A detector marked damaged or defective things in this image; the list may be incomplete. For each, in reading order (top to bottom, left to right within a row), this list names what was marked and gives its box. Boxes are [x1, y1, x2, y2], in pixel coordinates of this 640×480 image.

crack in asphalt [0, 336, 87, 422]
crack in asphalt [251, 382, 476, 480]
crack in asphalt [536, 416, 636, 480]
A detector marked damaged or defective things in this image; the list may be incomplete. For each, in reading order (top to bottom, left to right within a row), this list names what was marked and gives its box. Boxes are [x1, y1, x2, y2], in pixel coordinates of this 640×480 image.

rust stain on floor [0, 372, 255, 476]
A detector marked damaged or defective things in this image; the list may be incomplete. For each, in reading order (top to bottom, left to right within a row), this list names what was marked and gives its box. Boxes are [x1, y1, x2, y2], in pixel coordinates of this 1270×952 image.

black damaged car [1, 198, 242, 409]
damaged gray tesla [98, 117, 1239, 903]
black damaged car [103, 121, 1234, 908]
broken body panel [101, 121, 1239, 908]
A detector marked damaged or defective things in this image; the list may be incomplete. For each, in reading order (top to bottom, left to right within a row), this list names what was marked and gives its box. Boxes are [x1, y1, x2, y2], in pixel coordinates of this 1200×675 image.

........

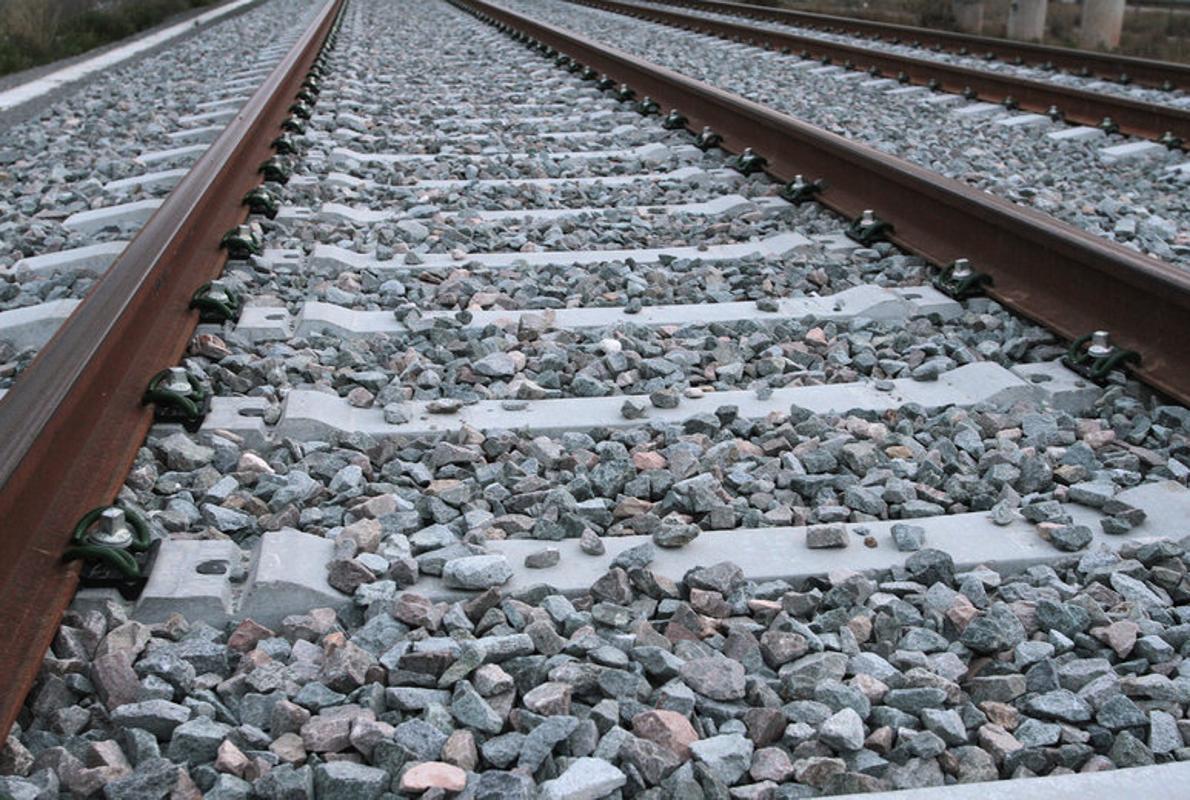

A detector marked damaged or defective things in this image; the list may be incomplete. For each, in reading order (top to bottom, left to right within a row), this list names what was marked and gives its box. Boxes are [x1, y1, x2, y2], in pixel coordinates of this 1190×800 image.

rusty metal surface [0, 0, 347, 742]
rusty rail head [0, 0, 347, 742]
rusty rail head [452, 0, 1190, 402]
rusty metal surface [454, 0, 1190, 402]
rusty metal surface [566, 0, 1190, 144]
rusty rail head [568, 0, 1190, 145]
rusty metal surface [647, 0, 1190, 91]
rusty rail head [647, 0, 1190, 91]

........

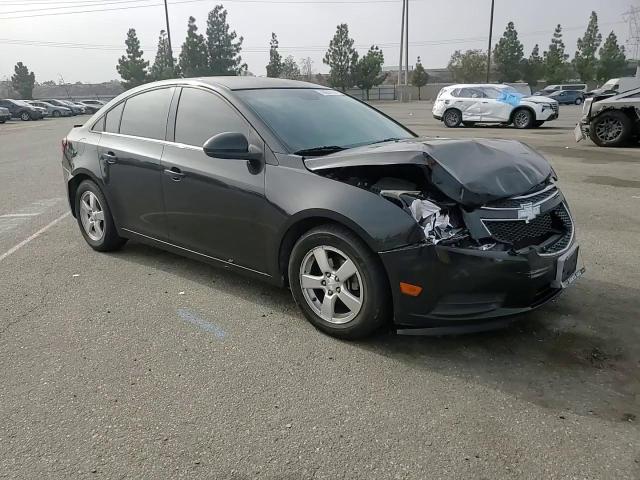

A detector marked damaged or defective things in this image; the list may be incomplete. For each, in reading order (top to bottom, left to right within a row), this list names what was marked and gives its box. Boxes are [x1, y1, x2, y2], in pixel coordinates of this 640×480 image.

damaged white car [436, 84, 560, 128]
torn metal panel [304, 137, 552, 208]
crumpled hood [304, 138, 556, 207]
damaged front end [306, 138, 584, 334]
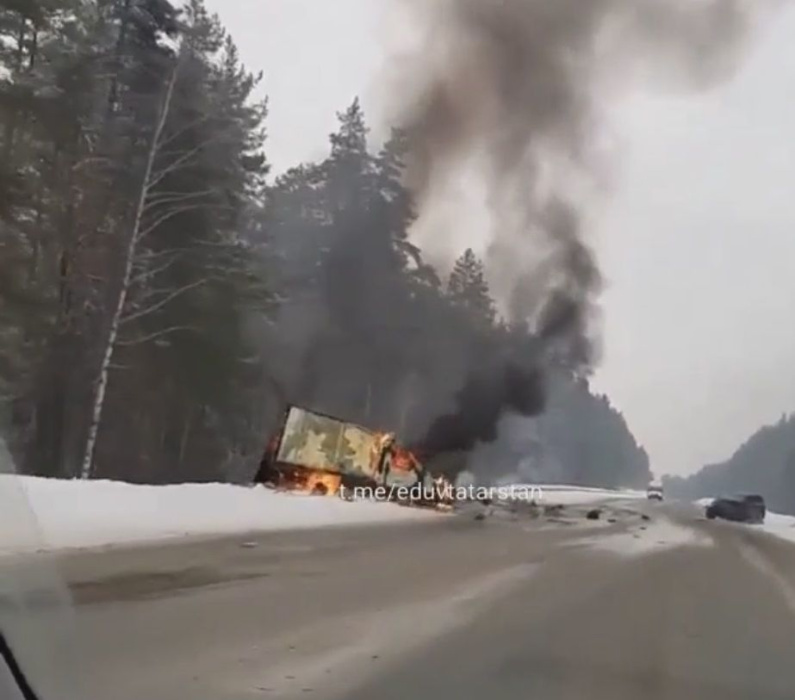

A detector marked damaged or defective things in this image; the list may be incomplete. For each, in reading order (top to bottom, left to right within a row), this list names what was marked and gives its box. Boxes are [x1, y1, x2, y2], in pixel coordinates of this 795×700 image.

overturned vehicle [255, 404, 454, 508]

........

ACTIVITY >> Your answer should consist of the lines from the line with "this 1270×952 image." to the line with "this 1200×675 image." above, repeated exactly, both ends included.

REPLY >>
A detector marked damaged or defective things in this image; the list may be incomplete. For each, in reading order (top to bottom, left to right within a row), this list names what was marked and gives its box. Boxes are [x1, y1, x2, y2], in pixel coordinates of this 1270×952 image.

black damaged car [1, 198, 242, 409]
damaged gray tesla [98, 117, 1239, 903]
black damaged car [103, 121, 1234, 908]
broken body panel [101, 121, 1239, 908]
A detector marked damaged or defective things in this image; the list may be incomplete. For each, in reading order (top to bottom, left to right within a row), this list names what was marked and gives its box. Boxes are [x1, y1, x2, y2], in pixel coordinates of this 1200×675 image.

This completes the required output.